The Story
Why it exists.
The beginning
Harajuku is where Tokyo breaks its own rules. Street fashion born from no single aesthetic, a collision of Lolita frills, cyberpunk neon, and everything in between. Plum Harajuku takes that energy and translates it into scent: Japanese plum that doesn't stay delicate, warmed by saffron and cinnamon until it becomes something richer, stranger, worth wearing. The name is the invitation. Walk in and see what happens.

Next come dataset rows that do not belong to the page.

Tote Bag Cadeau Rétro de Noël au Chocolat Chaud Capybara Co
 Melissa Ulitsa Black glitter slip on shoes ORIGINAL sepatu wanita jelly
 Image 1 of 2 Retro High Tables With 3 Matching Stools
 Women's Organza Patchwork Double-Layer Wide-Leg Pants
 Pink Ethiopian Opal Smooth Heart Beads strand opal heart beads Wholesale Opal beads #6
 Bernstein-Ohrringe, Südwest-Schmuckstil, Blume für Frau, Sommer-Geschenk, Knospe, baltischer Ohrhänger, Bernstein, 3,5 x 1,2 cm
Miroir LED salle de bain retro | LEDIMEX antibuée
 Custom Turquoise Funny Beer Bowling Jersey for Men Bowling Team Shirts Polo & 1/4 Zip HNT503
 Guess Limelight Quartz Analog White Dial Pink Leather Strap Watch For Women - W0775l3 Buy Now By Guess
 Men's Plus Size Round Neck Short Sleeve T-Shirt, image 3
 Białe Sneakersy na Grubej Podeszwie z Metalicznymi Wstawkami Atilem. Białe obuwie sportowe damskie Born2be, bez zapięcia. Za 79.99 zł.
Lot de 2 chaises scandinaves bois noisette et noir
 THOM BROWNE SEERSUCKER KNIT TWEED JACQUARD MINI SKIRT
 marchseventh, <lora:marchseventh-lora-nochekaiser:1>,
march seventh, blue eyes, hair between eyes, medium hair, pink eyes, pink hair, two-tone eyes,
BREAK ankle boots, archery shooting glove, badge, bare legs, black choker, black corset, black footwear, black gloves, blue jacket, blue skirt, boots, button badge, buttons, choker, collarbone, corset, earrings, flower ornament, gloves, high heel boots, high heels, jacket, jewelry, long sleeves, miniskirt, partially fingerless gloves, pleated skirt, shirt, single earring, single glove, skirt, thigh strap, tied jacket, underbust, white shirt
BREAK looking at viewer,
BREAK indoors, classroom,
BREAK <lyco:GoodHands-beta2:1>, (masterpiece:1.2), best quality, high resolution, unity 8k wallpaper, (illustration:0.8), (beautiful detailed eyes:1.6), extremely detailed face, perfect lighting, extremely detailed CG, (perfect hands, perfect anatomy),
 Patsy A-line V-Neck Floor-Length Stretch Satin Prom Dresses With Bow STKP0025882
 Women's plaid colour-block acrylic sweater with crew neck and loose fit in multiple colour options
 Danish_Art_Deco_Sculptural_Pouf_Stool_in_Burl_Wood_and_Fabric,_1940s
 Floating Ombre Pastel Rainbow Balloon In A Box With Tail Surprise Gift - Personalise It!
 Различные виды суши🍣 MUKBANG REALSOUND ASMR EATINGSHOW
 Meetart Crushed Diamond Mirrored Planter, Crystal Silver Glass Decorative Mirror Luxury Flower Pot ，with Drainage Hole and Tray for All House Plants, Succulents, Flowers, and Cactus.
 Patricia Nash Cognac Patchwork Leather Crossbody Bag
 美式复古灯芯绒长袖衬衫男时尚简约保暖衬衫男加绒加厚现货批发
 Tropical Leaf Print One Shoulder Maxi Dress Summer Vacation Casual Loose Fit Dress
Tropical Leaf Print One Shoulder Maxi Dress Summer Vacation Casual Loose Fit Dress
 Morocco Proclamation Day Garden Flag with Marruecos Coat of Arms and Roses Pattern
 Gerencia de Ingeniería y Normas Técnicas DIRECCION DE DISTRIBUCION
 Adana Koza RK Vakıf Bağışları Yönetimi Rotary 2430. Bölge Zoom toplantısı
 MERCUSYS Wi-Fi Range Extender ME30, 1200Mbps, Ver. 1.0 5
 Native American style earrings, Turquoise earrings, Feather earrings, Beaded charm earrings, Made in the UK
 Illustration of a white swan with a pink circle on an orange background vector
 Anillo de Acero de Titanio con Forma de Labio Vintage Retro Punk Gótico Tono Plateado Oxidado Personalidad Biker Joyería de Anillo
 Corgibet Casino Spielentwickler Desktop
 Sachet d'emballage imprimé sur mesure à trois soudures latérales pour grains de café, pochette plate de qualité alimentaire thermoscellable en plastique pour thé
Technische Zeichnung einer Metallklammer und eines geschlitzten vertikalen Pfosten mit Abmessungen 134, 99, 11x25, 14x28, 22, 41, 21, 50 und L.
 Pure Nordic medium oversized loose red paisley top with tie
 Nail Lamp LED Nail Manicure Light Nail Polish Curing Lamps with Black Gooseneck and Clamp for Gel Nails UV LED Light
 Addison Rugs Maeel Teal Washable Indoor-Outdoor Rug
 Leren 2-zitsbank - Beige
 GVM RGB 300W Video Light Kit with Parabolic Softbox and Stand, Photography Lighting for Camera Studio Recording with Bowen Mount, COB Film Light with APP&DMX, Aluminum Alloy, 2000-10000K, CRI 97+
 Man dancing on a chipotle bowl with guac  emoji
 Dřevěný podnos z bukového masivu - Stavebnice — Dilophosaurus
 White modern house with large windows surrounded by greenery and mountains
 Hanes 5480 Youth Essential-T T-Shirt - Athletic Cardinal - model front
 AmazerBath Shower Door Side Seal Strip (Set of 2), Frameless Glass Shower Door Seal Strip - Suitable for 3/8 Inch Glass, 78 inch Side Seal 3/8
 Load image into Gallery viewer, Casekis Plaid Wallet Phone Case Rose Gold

Plum is the kind of ingredient that reveals a perfumer's intentions. Sweet enough to read as dessert, but here it comes with spice and oud, not a snack but a meal. The immortelle in the heart is the quiet surprise: an herbal honey that refuses to be merely sweet. Plum blossom and camellia follow, not competing but taking turns, each adding a different kind of softness. The saffron threads through the whole composition like warmth that doesn't apologize for itself.
The evolution
The opening announces plum and saffron together, not the plum's sweetness alone but the spice that keeps it honest. Thirty minutes in, the plum settles into something rounder, fleshier, warmed by what came before. Camellia and plum blossom arrive next, not competing but taking turns. Then the oud asserts itself, dense and resinous, and the vanilla waits until the very end to sweeten what could have been heavy. As the drydown takes over, the oud becomes the anchor, its texture more apparent now that the florals have quieted. Vanilla and benzoin add warmth underneath, a subtle sweetness that lingers close to the skin. The final impression is warm, resinous, intimate.
Cultural impact
Plum Harajuku exists in a lineage of plum-focused orientals that have shaped niche perfumery. Inspired by Tom Ford Plum Japonais, it brings that same territory, plum, saffron, oud, to a different audience. For those exploring this corner of fragrance, it serves as a worthy entry point that honors its source material while standing on its own.